13. Naar het oordeel van de rechtbank heeft verweerder de bestreden besluiten bevoegd genomen en niet in strijd gehandeld met artikel 10:3, derde lid, van de Awb. Op grond van artikel 3, eerste lid, van het Aanwijzingsbesluit heffings- en invorderingsambtenaar van de gemeente Rotterdam, is de directeur Belastingen aangewezen als heffings- en invorderingsambtenaar voor de uitoefening van de bevoegdheden bedoeld in artikel 231, tweede lid, aanhef en onder b, van de Gemeentewet. Deze aanwijzing is geen mandaatverlening als bedoeld in artikel 10:1 van de Awb. De directeur Belastingen was daarom bevoegd de naheffingsaanslagen op te leggen en op de bezwaren van eiseres te beslissen. Verweerder heeft toegelicht dat de naheffingsaanslagen en de bestreden besluiten zijn genomen door verschillende gemandateerde functionarissen. De rechtbank ziet geen aanleiding daaraan te twijfelen. Van strijd met artikel 10:3, derde lid, van de Awb, is daarom geen sprake. De beroepsgrond slaagt niet.
Conclusie, gevolgen en proceskosten
14. De beroepen zijn gegrond. De bestreden besluiten zijn in strijd met de artikelen 3:4 en 6:6 van de Awb niet-ontvankelijk verklaard. Het bestreden besluit II is in strijd met artikel 25 van de AWR genomen zonder eiseres in de gelegenheid te stellen te worden gehoord. De rechtbank zal de bestreden besluiten vernietigen.

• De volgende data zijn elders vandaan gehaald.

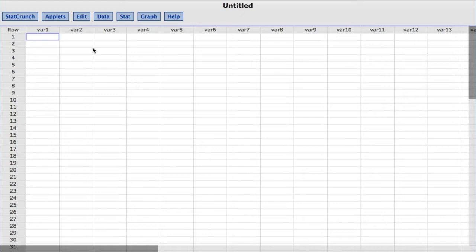The number of Republicans classifying each item as a top problem is as follows: Immigration 208, Dysfunctional Government 189, Economy 161, Unemployment 113, and Other 274.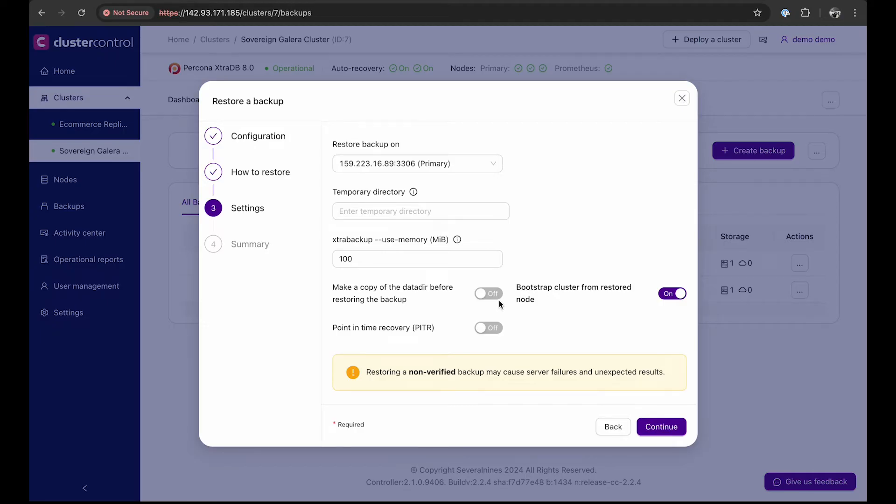Next, decide whether to bootstrap the cluster from the restored node. In this scenario, we are performing a full cluster outage recovery and need to configure the recovery.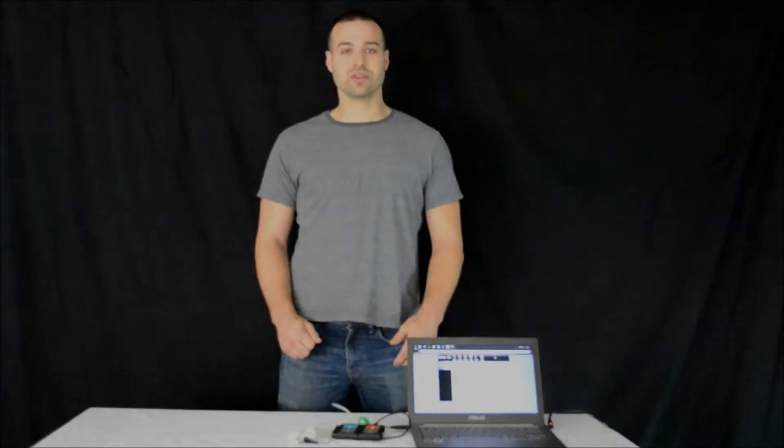The NuLog Galvanic Skin Response Sensor is used to detect someone's emotional response to a stimulus, whether it's smell, touch, or sound.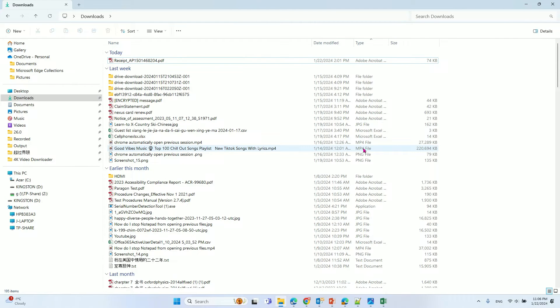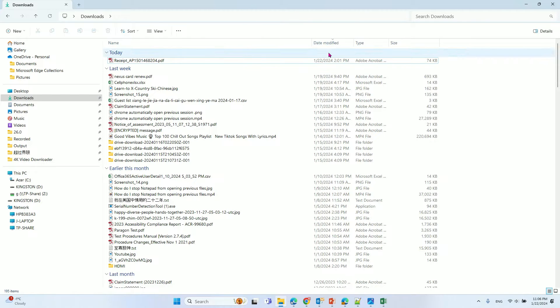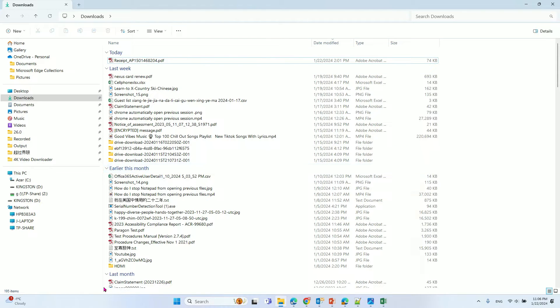When we open File Explorer, you can see your date modified view has groups split by today, last week, early this month, last month, and so on. If you want to get rid of this layout setup...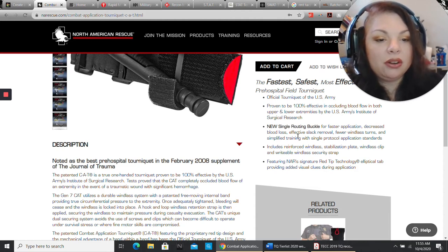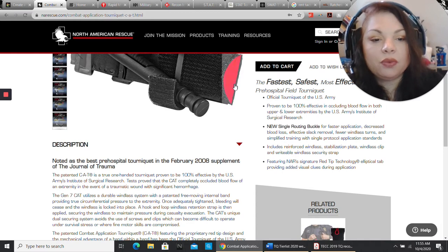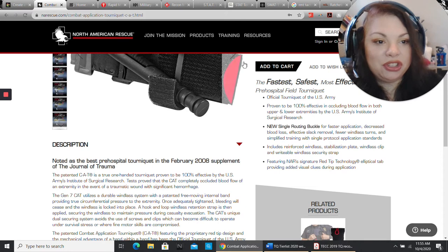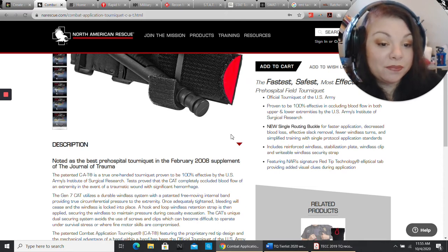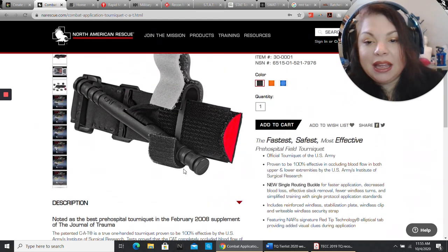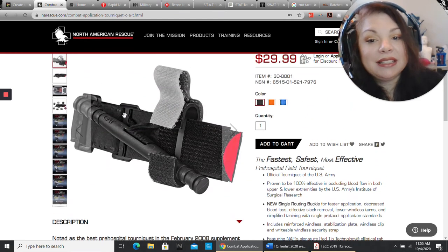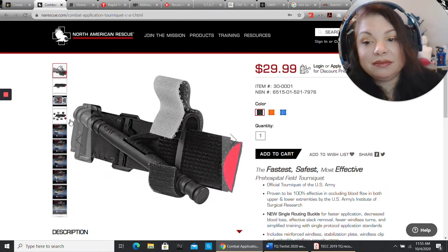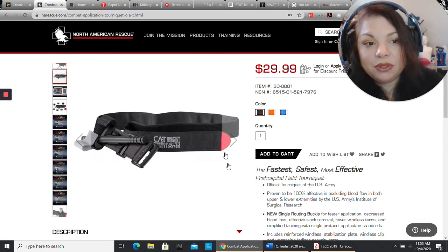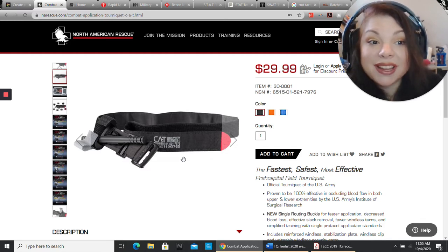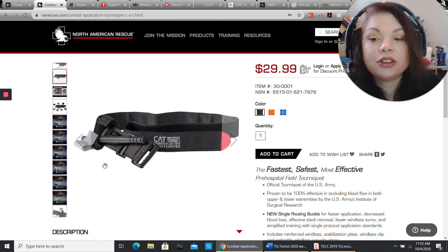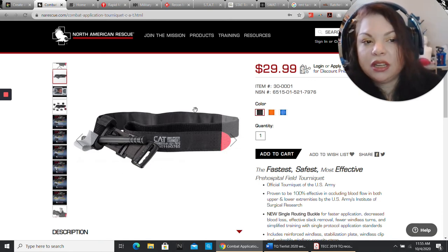Single routing buckle. The red tip technology is the tab that actually allows you to see it, which is a good thing. It's great. It's classic for a reason. You'll know it's an actual cat because it will say on here, CAT tourniquet. If you buy a tourniquet and it has a picture of a kitty cat, that's not actually a CAT.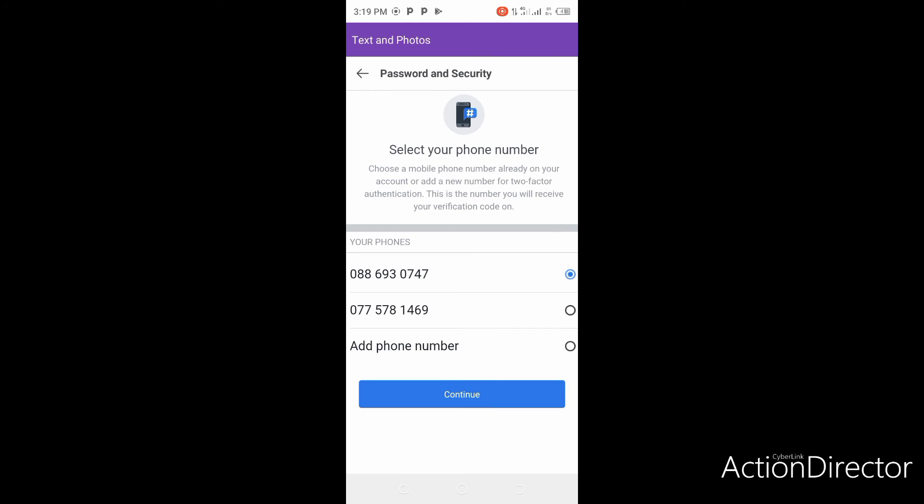Here you will see your phone number. Either add a new number or select a number. Make sure the number you select is connected to your Facebook account, because whenever you have to enter your password or do anything, you will receive a code on it.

15. Eiseres heeft niet aangedrongen op een inhoudelijke beoordeling van het geschil, maar verzocht verweerder op te dragen een nieuwe beslissing te nemen. De rechtbank zal daarom niet zelf in de zaak voorzien (zie het arrest van de Hoge Raad van 9 juni 2006, ECLI:NL:HR:2006:AX7330). 16. Omdat de rechtbank de beroepen gegrond verklaart, bepaalt de rechtbank dat verweerder aan eiseres het door haar betaalde griffierecht vergoedt.
17. Op grond van artikel 3, eerste lid, van het Besluit proceskosten bestuursrecht (Bpb) worden samenhangende zaken voor de vaststelling van de kosten van door een derde beroepsmatig verleende rechtsbijstand als één zaak beschouwd. Volgens artikel 3, tweede lid, van het Bpb, voor zover hier van belang, zijn samenhangende zaken door een belanghebbende ingestelde beroepen, die door de bestuursrechter gelijktijdig zijn behandeld, waarin rechtsbijstand als bedoeld in artikel 1, onder a, is verleend door dezelfde persoon en van wie de werkzaamheden in elk van de zaken nagenoeg identiek konden zijn. In dit geval zijn er twee zaken waarin door de gemachtigde van eiseres beroepschriften zijn ingediend die nagenoeg gelijkluidend zijn, terwijl de rechtbank deze zaken gelijktijdig heeft behandeld. De rechtbank is daarom van oordeel dat deze zaken samenhangend zijn.
18. De rechtbank veroordeelt verweerder in de door eiseres gemaakte proceskosten. Deze kosten stelt de rechtbank op grond van het Bpb voor de door een derde beroepsmatig verleende rechtsbijstand vast op € 837,- (1 punt voor het indienen van het beroepschrift en 1 punt voor het verschijnen ter zitting met een waarde per punt van € 837,- en wegingsfactor 0,5). Het gewicht van de zaak is bepaald op ‘licht’, omdat het beroep betrekking heeft op een parkeerbelastingzaak (zie het arrest van het gerechtshof Den Haag van 11 november 2021, ECLI:NL:GHDHA:2021:2131).